Sorry , i probably was not that clear.

With the older version of udev [udev045] it works.

Everytime i upgraded udev to a newer version, I never had problems.

But this time with udev056 i get all these mentioned problems.

----------

## forever

Ok - than - try to upgrade to the newer version and make sure You update the files I mentioned before - does it work?

----------

## serge

Ok

I will but not right now because i do not want to reboot now.

By the way as mentionned in the ebuild, i did a "udevstart" but then i did not encounter any problems/errors.

When i rebooted i got the problems.

----------

## forever

ok - do You have hotplug, coldplug installed?

Do You have it in startup configuration (did You do 'rc-update add coldplug default' and the same for hotplug?) ?

Hm... I guess yes because previous version is working for You...

It seems I'm running out of ideas  :Very Happy: 

----------

## serge

I do use hotplug but i do not use coldplug.

I will reinstall udev056 and will have a look at the rules.

Hoping it will be ok then.

By the way , a few months ago i "cloned" a second pc. I copied the hard disk to another. In the cloned pc, at boot time i always have a warning about /dev/null but it works perfectly...

----------

## forever

YOU SHOULD use coldplug... IMHO...

----------

## nightfrost

 *forever wrote:*   

> YOU SHOULD use coldplug... IMHO...

 

Why use coldplug? It just loads a bunch of modules you might not want at startup, that you can modprobe manually later, or have hotplug modprobe for you when needed.

Anyway, I've had the mentioned problem. What fixed it for me was simply adding udevstart to /etc/conf.d/local.start  :Wink:  brilliant, huh?

I remember /dev/null having crw-------- unless udevstart was run.

----------

## serge

Nightfrost, I will try your tip!

Thank you!

----------

## serge

By the way, udev045 has a /etc/udev/permissions directory.

With udev056 this directory does not exist anymore.

What does manage the permissions with udev056?

----------

## forever

 *serge wrote:*   

> By the way, udev045 has a /etc/udev/permissions directory.
> 
> With udev056 this directory does not exist anymore.
> 
> What does manage the permissions with udev056?

 

options in the rules configuration file.

----------

## serge

I used Nightfrost's tip and it works.

But i noticed one thing:

In /etc/udev/udev.conf, we have:

 *Quote:*   

> # udev_db - The name and location of the udev database.
> 
> #           NOTE: this should be somewhere that is writable before
> 
> #                 / is mounted rw, like /dev ...
> ...

 

udev056 does not create this file.

With the udev045 version, in /etc/udev/udev.conf, we have:

 *Quote:*   

> # udev_db - The name and location of the udev database.
> 
> #           NOTE: this should be somewhere that is writable before
> 
> #                 / is mounted rw, like /dev ...
> ...

 

udev045 creates this file.

Is it the problem i am facing if i do not put "udevstart" in

 *Quote:*   

>  /etc/conf.d/local.start?
> 
> 

 

----------

## forever

IMHO putting this to local.start is the workaround not a solution.

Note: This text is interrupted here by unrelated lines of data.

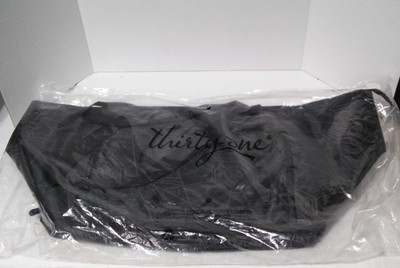 Thirty One 31  Take and Bake Cooler   Black Spiderwebs NEW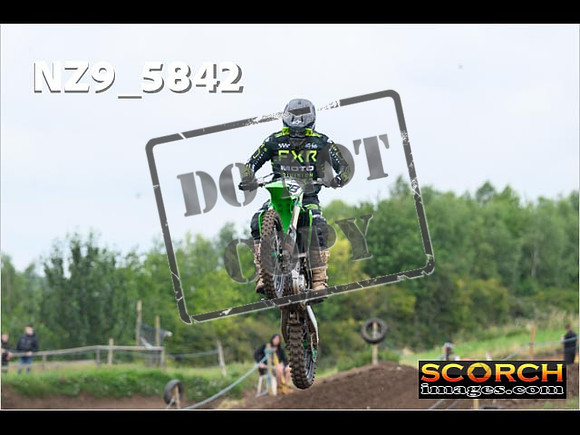 Inters-090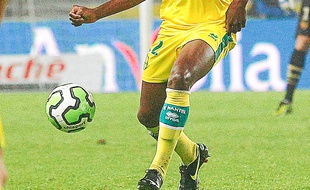 " Les critiques m'ont touché ", reconnaît le jeune milieu de terrain du FCN.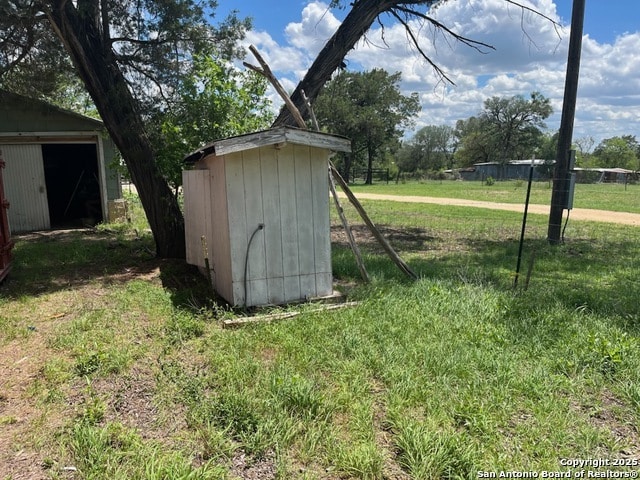 1379 Cedar Elm, New Braunfels, TX 78132 - view of shed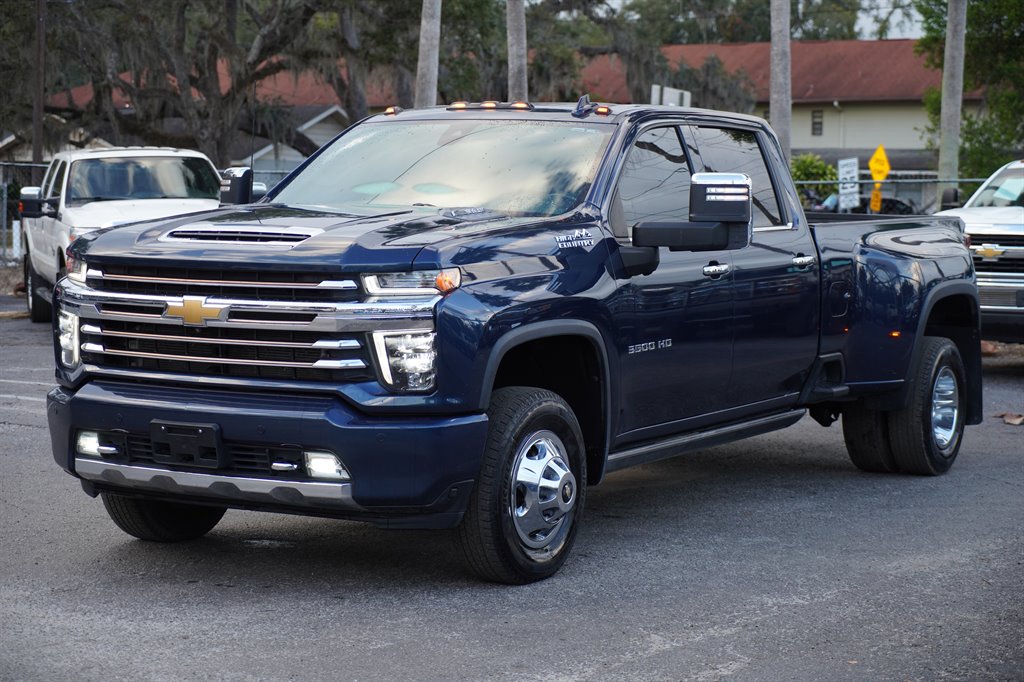 2021 Chevrolet Silverado - $59,999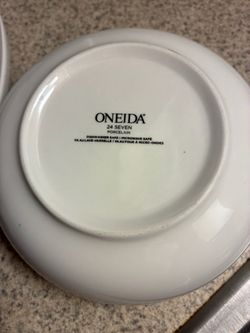 Oneida dishes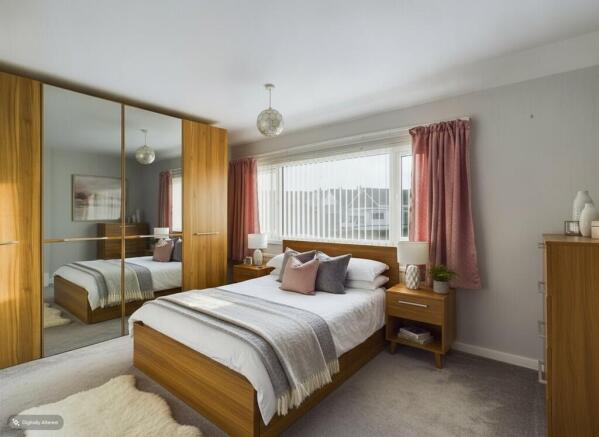 3 bed Semi-Detached to rent Image 9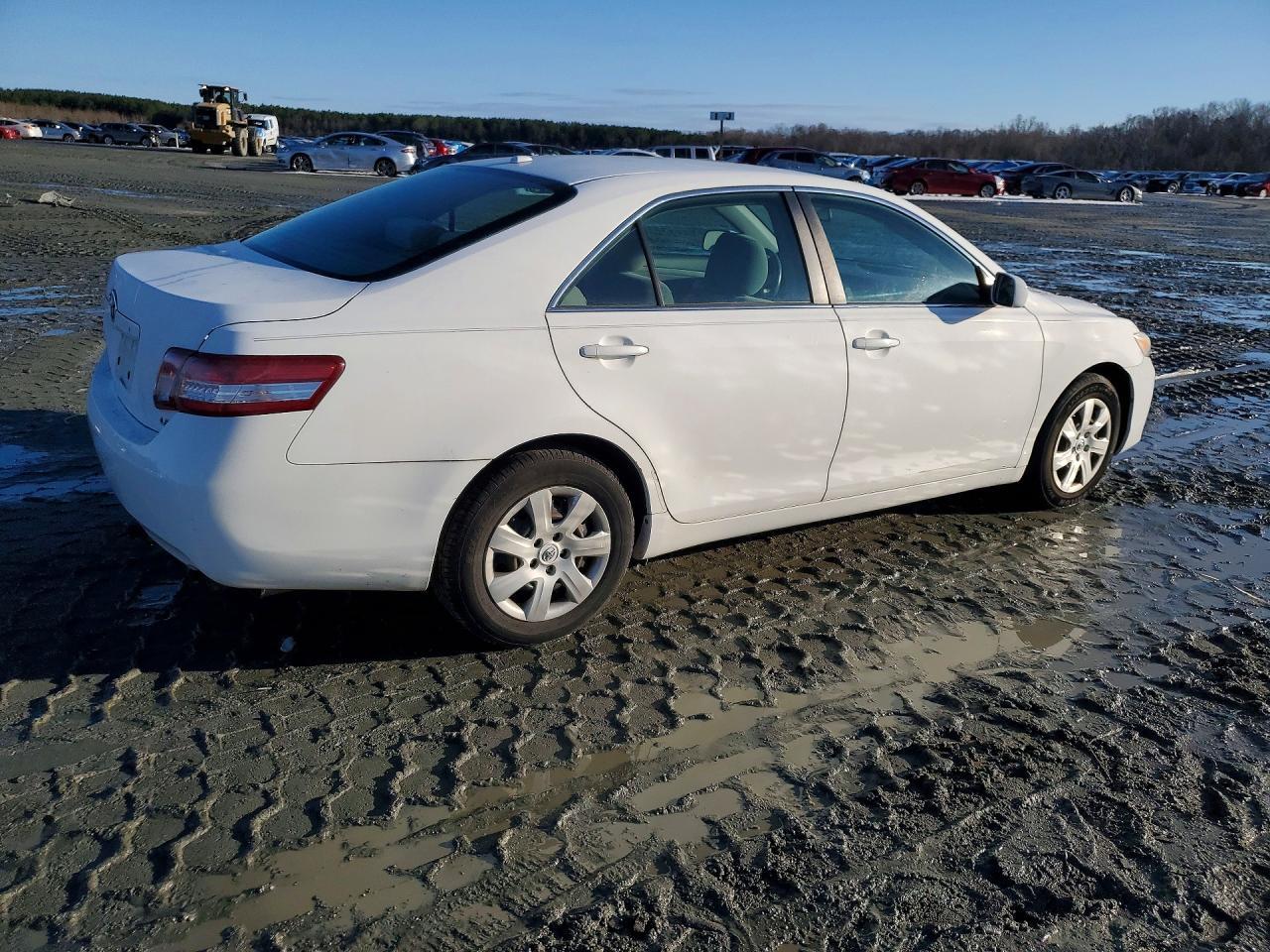 2011 TOYOTA CAMRY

You should find out why rc scripts doesn't start it for You...

----------

## serge

It starts well with udev045, so i dont know how to find out in the rc scripts what could have been changed when upgrading to udev056...

Forever, do you use udev056? If you do, do you have the /dev/.udevdb file?

----------

## forever

yes. it works for me - but I can find it out in the evening when I'll be home.  :Very Happy: 

EDIT:

 *serge wrote:*   

> It starts well with udev045, so i dont know how to find out in the rc scripts what could have been changed when upgrading to udev056...
> 
> Forever, do you use udev056? If you do, do you have the /dev/.udevdb file?

 

Ok I'm at home so: YES I have the /dev/.udevdb - directory.

----------

## serge

I will appreciate. It is the first time that i update udev and i have this kind of problem.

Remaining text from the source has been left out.